Sometimes, in a math paper, we read something like "Although a priori this statement could be true, it is in fact false, as proven by this theorem". But aren't all mathematical statements a priori? So why include that misleading bit of language in the beginning?
In my experience as a mathematician, the mathematical usage of a priori corresponds more to the traditional definition of prima facie: it is applied for “conclusions we can draw fairly easily based on our current definitions/assumptions (together with previously acquired background knowledge)”, typically contrasted with “things that take some new non-trivial work to deduce”. A couple of examples:
Constructively this approach does not work, because it is not a priori evident that such a function exists. Once the mapping function is known to exist, it can easily be shown to be such a function.
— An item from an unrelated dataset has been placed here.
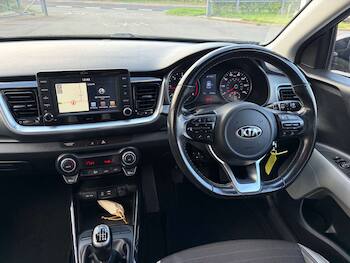Used Kia Stonic 2019 for sale - 79868464: Photo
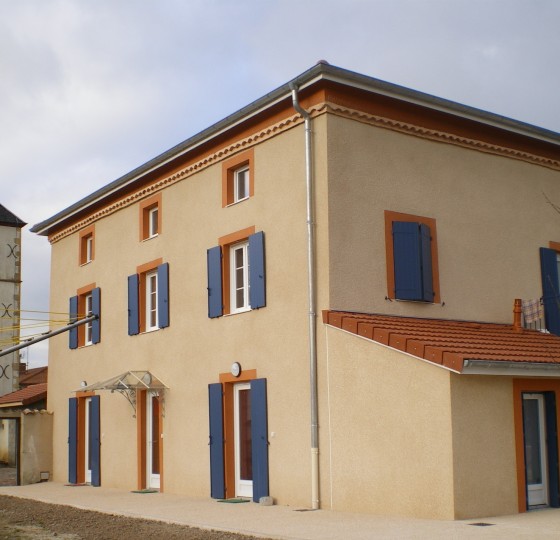 REALISATION DE LOGEMENTS DANS BATIMENT EXISTANT A PRADINES (42)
— Foundations of Constructive Analysis, Errett Bishop, 1967
…we don't know how to embed H*SF(n+1) as a sub-algebra of an algebra which we know a priori is commutative (if n is odd)…
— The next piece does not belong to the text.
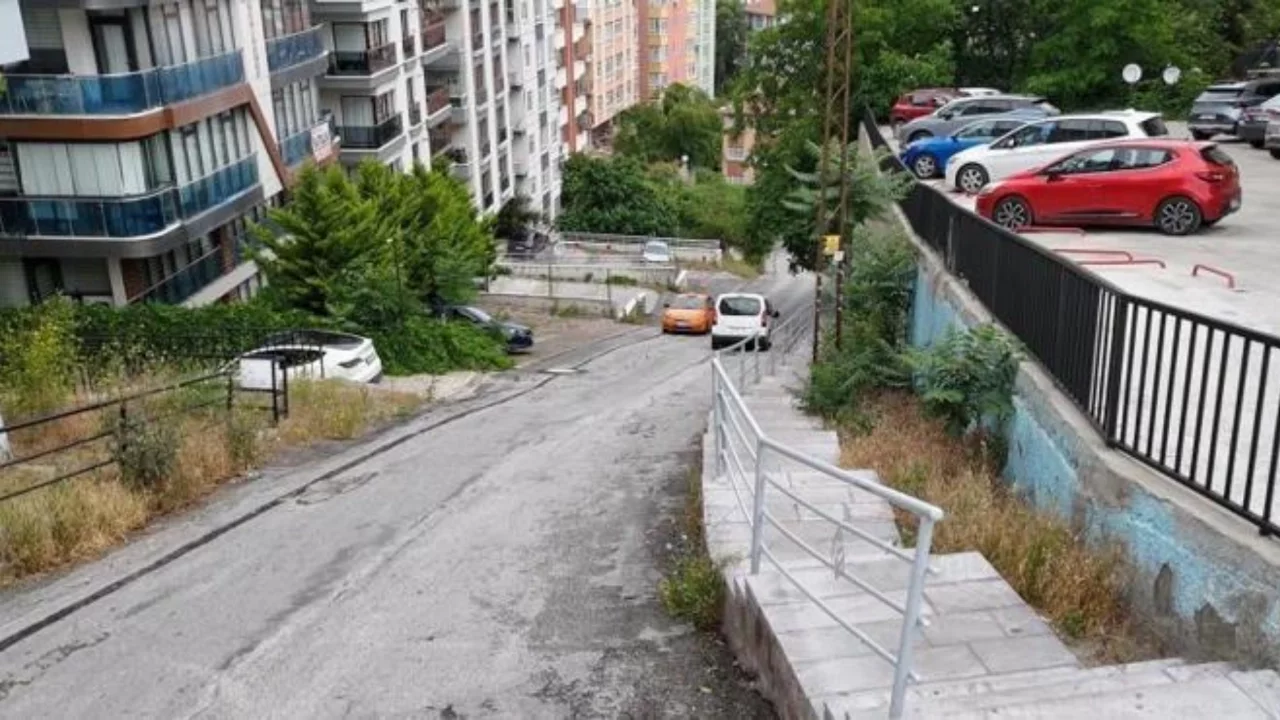 Ankara'da araçların çıkamadığı yokuş Türkiye'de gündem oldu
— The homology of iterated loop spaces, Peter May, 1976
This works if we can specify the degree a priori. If we cannot, or do not wish to, then it is more convenient to use binary forms.
— Combinatorics the Rota way, Kung, Rota, Yan, 2009
As the question points out, this does not quite match the accepted philosophical sense(s) of a priori. I strongly doubt this is due to any intentional distinction — rather, it’s just the usual divergence between colloquial and technical usages of a term.